Nonetheless, Bertram Gallant, Binkin and Donohue (2015) provide a useful segue to consider students’ standpoints. From a student perspective, fear of failing and feeling neither confident nor competent enough in their academic abilities to pass tests or write essays are all factors that must be considered especially in the context of assessment (Lindstrom et al., 2017). If the only reason a student does not engage in cheating behaviors is to avoid punishment, then this points to a concerning absence of both a deeper investment in their learning as well as intrinsic motivation to learn with integrity. From an Indigenous perspective, the qualities that encompass integrity are instilled in nation members from birth and reinforced throughout their lives via pedagogical strategies that nurture capacities for walking a life of integrity. Fear is not one of the motivating elements in Indigenous approaches to learning. Colonization and assimilation efforts have disrupted these capacities but for many Indigenous peoples, the qualities related to integrity are still passed on through Indigenous teachings. Today, fear culture is certainly a factor amongst all students, including Indigenous students, and one that institutions must consider as they mobilize strategies to strengthen academic integrity and work to quell the increasing number of post-secondary students engaging in academic dishonesty.

Rise in Academic Dishonesty

Robinson and Glanzer (2017) demonstrate that academic dishonesty is on the rise in college students with more than two-thirds reporting they’ve been involved in some form of academic dishonesty. In an earlier article focusing on academic integrity from an institutional standpoint, Bertram Gallant and Drinan (2008) argue that:

Pervasive student academic misconduct (e.g., cheating on examinations, plagiarism, falsification, and fabrication) can challenge the value of the university degree and cast public doubt on the validity of teaching and assessment methods. At the faculty level, unchecked teacher or researcher misconduct (e.g., lecture unpreparedness, results manipulation) can corrupt the integrity of the institution and stimulate public doubt regarding postsecondary education accountability. (Braxton & Bayer, 2004, p. 27)

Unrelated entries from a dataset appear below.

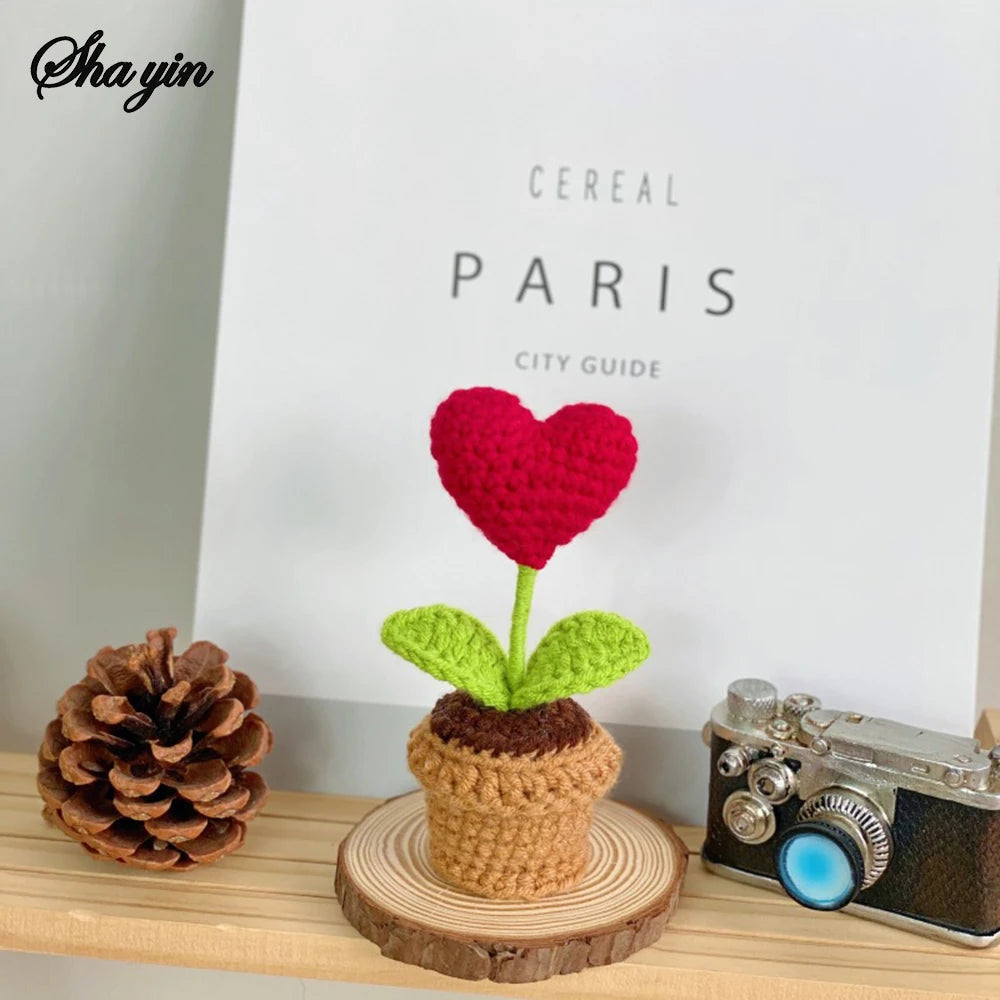 Hook Woven Finished Small Potted Plant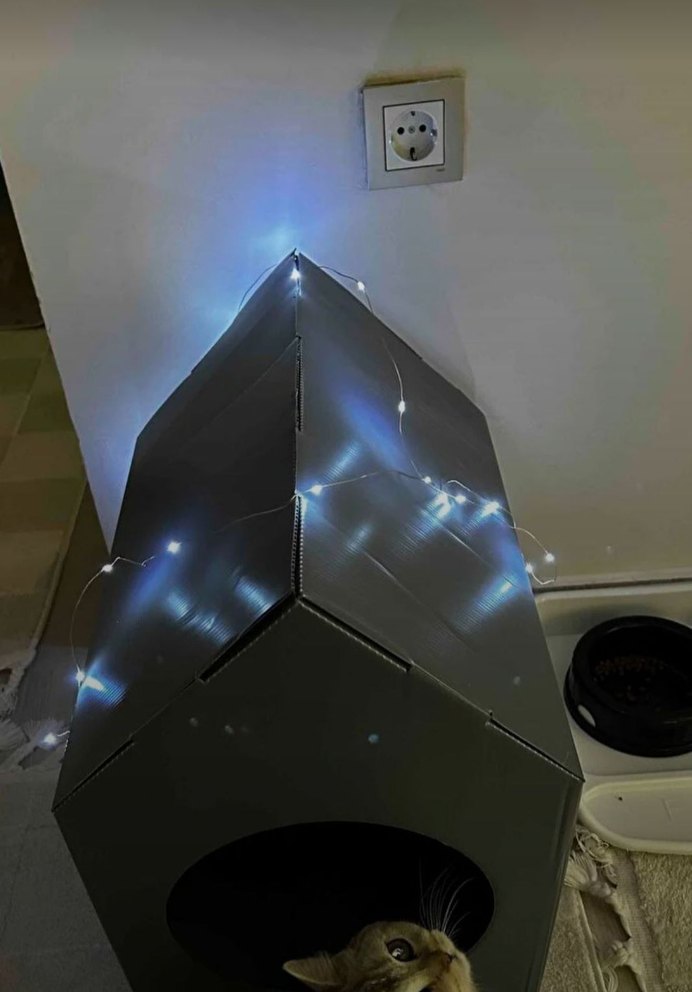 Kedi Evi - Görsel 3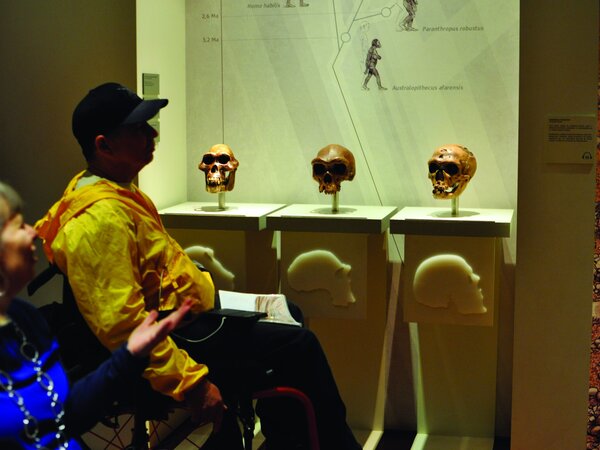 Imagem Visita ao Museu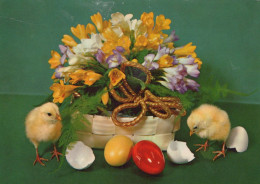 PASCUA POLLO HUEVO Vintage Tarjeta Postal CPSM #PBO913.ES - Ostern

Implicating students, faculty and the administrative arm of the institution, Bertram Gallant and Drinan (2008) call attention to how academic integrity must not only be nurtured in students, particularly undergraduate students, but also in the broader context of pedagogy, research and administration. As an Indigenous educator teaching Indigenous Studies courses, I face unique challenges in attempting to address academic dishonesty amongst students given that there are few culturally appropriate resources or institutional supports to build learner confidence. Moreover, some of the factors as to why Indigenous students may cheat or plagiarize and the punitive outcomes brought to bear in cases of academic dishonesty are deeply nuanced and perhaps not widely understood by administrators and educators. For example, the role of trauma and colonization goes largely unexamined in the literature on academic integrity. Indeed, there is a dearth of literature that attends to a rigorous exploration of both the prevalence of Indigenous students engaging in academic dishonesty and the nuanced complexities that drive these behaviors. These silent areas in the scholarship prevent educators from gaining deepened insights into whether or not the general rise in academic dishonesty is also present in the Indigenous student population. Lack of evidence-based insights and clear data trails mean that institutional supports geared to strengthening academic integrity from an Indigenous perspective cannot possibly be implemented in ways that will have a positive impact on Indigenous students or be consistent with an Indigenous paradigm. From a philosophical standpoint that is shaped by my cultural positioning as a Blackfoot woman, addressing academic dishonesty within a punitive framework makes little sense because it does not enable me to draw on culturally appropriate models of academic integrity that would help students to feel confident or competent in their academic skills. Instead, I am forced to follow the institutional codes that, I argue, do not necessarily address the reasons why students cheat but focus on punishment for transgressing these codes. Complicating matters further is the fact that, as Bertram Gallant and Drinan (2008) point out, academic dishonesty is not just a problem with students.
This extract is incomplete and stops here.